THE TASK:
Skip all pictures, then copy the lines from the start of the data through the line with "Blick in eine", keeping both ends.

DATA SUPPLIED:
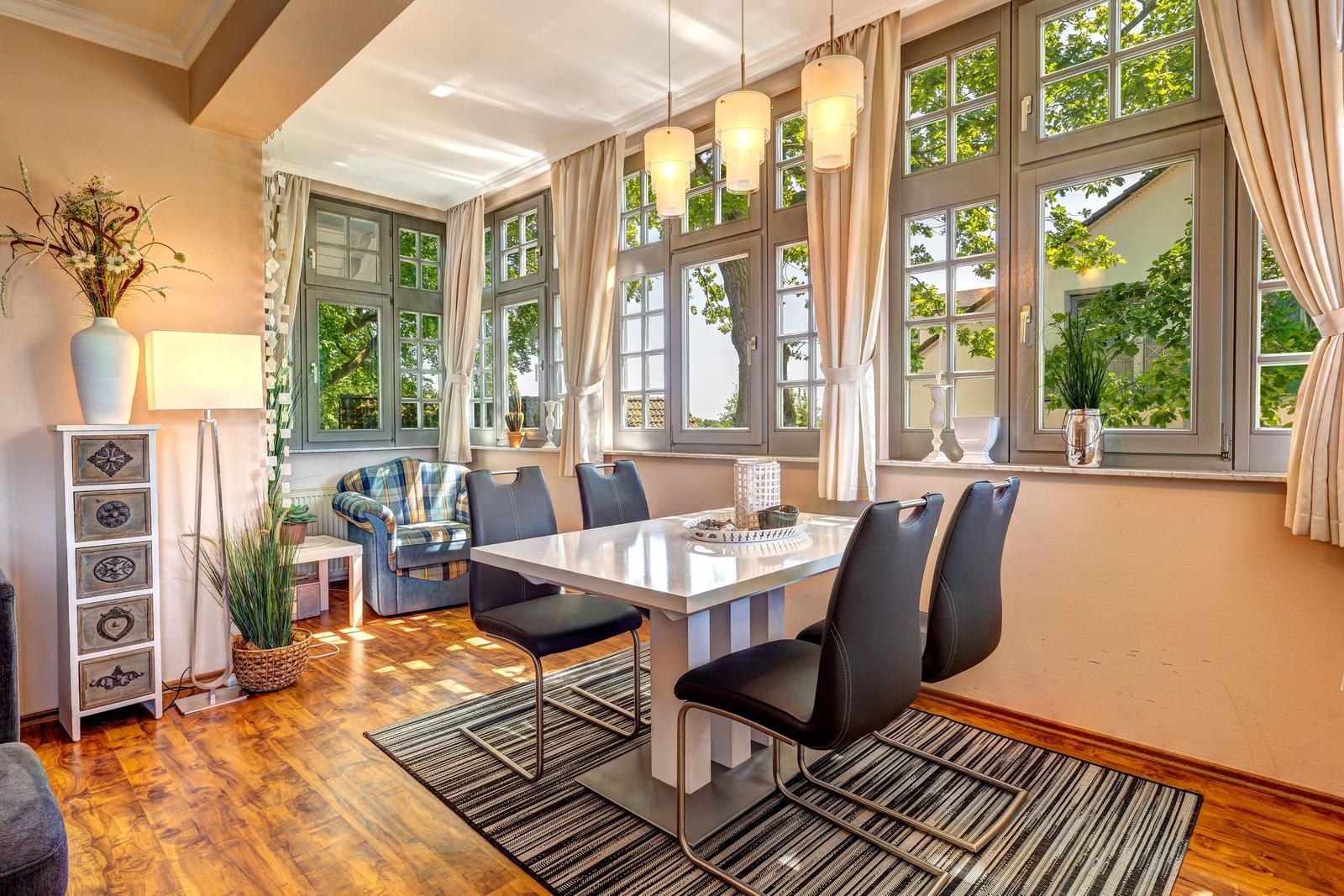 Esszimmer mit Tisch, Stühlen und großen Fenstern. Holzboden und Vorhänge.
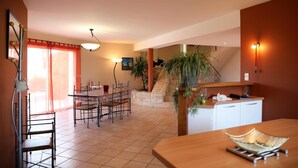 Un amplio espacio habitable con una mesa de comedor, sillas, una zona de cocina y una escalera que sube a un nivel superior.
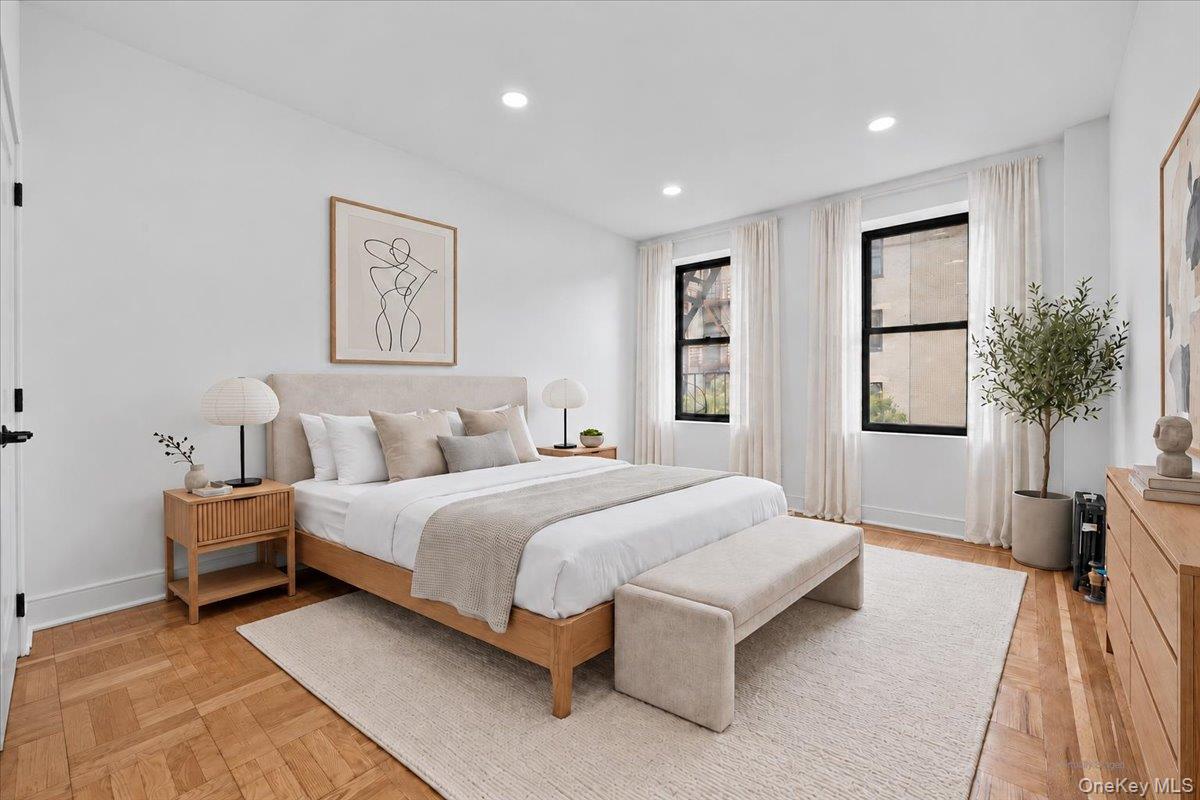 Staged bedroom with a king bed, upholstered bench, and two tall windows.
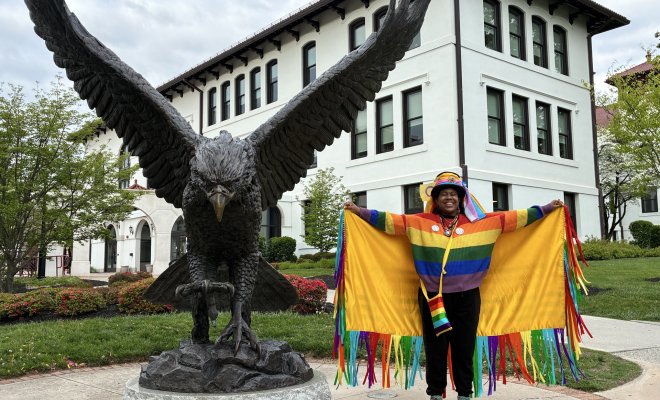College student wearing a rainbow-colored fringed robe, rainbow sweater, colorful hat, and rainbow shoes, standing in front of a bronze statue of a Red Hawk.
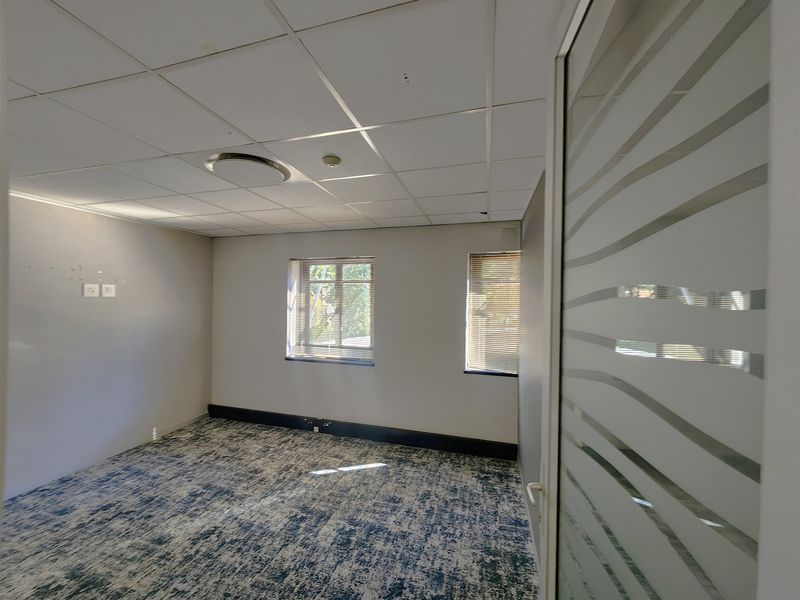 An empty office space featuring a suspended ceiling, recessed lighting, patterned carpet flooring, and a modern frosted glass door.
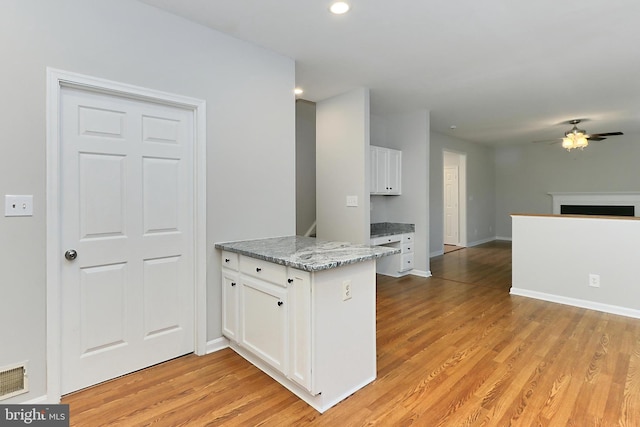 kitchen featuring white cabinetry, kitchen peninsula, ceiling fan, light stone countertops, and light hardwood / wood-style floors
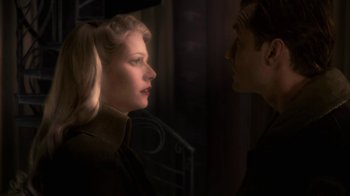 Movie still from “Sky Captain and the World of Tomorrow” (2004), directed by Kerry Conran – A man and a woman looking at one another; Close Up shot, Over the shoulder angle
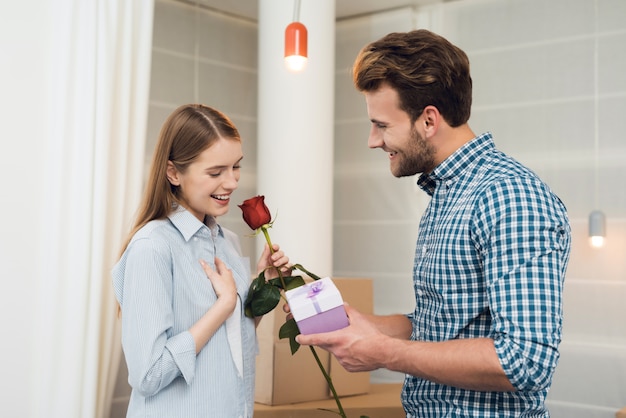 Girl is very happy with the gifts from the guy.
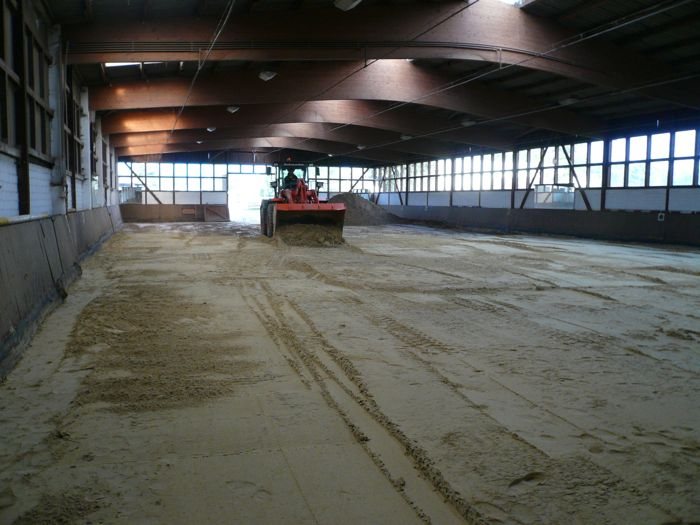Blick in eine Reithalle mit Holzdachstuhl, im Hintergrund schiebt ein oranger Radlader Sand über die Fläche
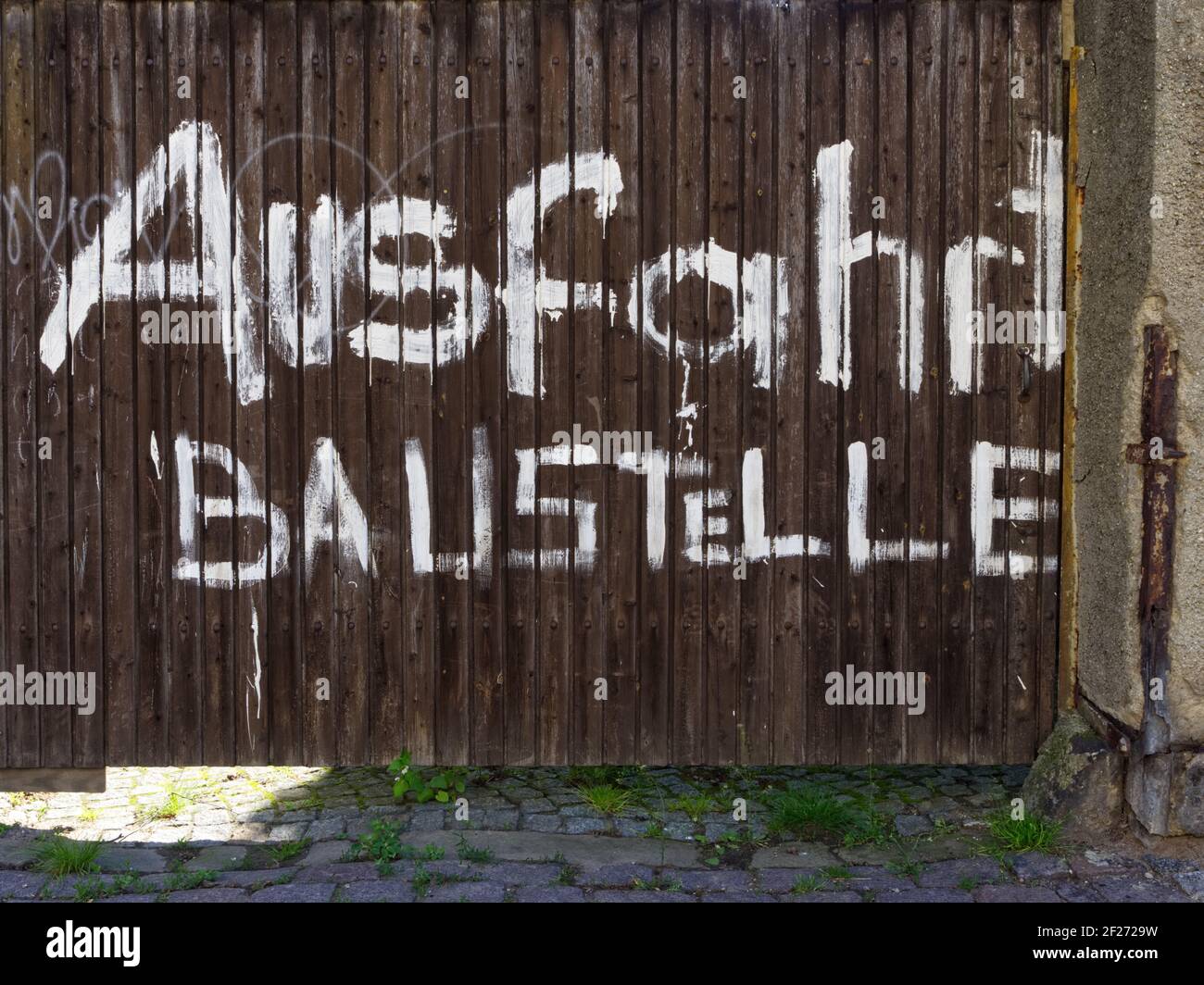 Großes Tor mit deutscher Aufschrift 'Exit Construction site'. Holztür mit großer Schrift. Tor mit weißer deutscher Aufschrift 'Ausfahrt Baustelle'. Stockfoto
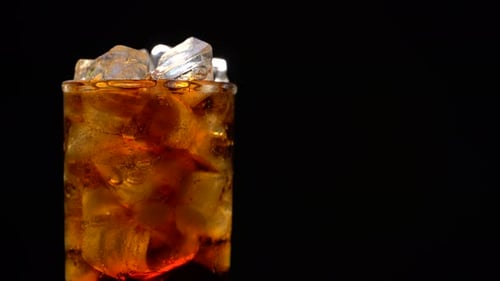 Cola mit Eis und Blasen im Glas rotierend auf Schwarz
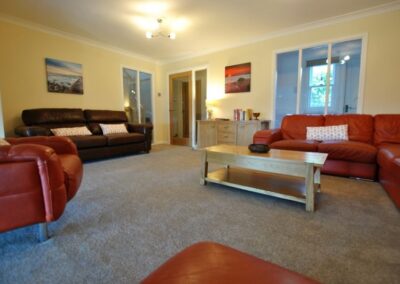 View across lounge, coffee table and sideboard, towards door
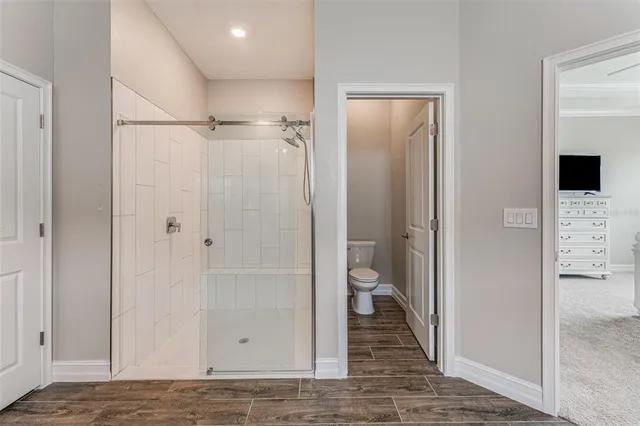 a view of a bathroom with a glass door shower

TASK OUTPUT:
 Esszimmer mit Tisch, Stühlen und großen Fenstern. Holzboden und Vorhänge.
 Un amplio espacio habitable con una mesa de comedor, sillas, una zona de cocina y una escalera que sube a un nivel superior.
 Staged bedroom with a king bed, upholstered bench, and two tall windows.
College student wearing a rainbow-colored fringed robe, rainbow sweater, colorful hat, and rainbow shoes, standing in front of a bronze statue of a Red Hawk.
 An empty office space featuring a suspended ceiling, recessed lighting, patterned carpet flooring, and a modern frosted glass door.
 kitchen featuring white cabinetry, kitchen peninsula, ceiling fan, light stone countertops, and light hardwood / wood-style floors
 Movie still from “Sky Captain and the World of Tomorrow” (2004), directed by Kerry Conran – A man and a woman looking at one another; Close Up shot, Over the shoulder angle
 Girl is very happy with the gifts from the guy.
Blick in eine Reithalle mit Holzdachstuhl, im Hintergrund schiebt ein oranger Radlader Sand über die Fläche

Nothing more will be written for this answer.